(WORK REQUIRED): Type out the whole listing again exactly, pictures omitted.

(AVAILABLE DATA):
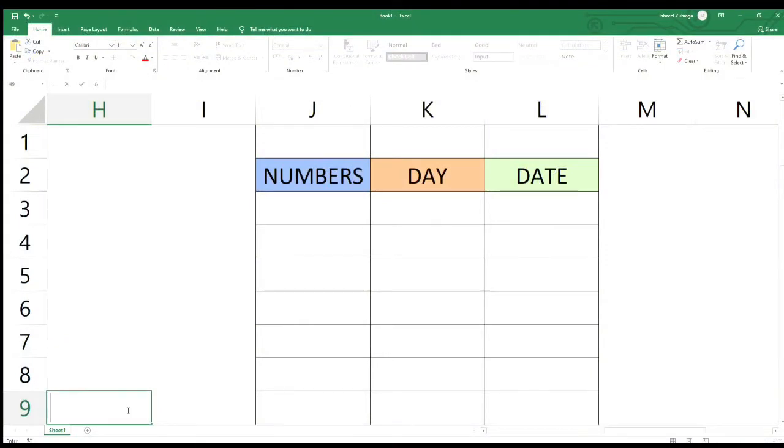So ngayong video na ito ay tuturoan ko naman kayo kung paano mag-automatic yung numbers, yung day, at yung date.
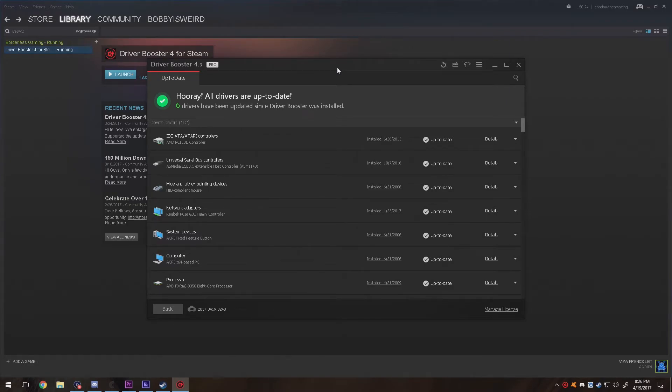I believe it was my Realtek PCIe family controller, this one.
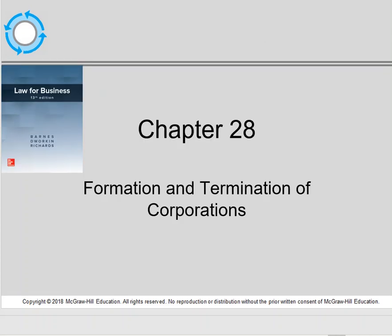This concludes our lecture on Chapter 28, How Corporations Are Formed and Terminated.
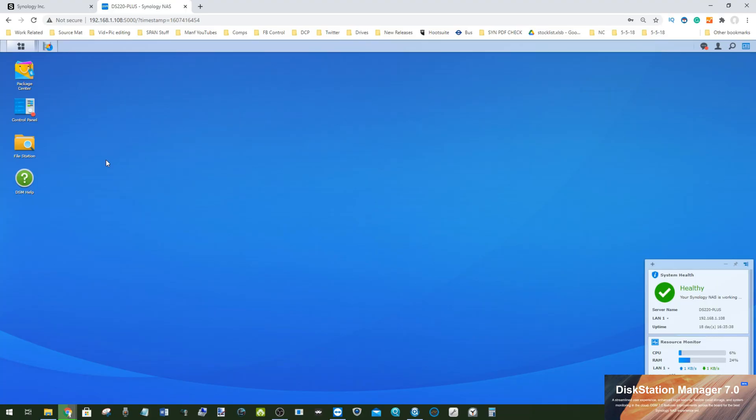Hello and welcome back. Today I want to talk to you guys about how to upgrade your NAS to DSM 7. It's currently in public beta and I want to show you how to take advantage of it.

(SOLUTION):
So ngayong video na ito ay tuturoan ko naman kayo kung paano mag-automatic yung numbers, yung day, at yung date.
I believe it was my Realtek PCIe family controller, this one.
This concludes our lecture on Chapter 28, How Corporations Are Formed and Terminated.
Hello and welcome back. Today I want to talk to you guys about how to upgrade your NAS to DSM 7. It's currently in public beta and I want to show you how to take advantage of it.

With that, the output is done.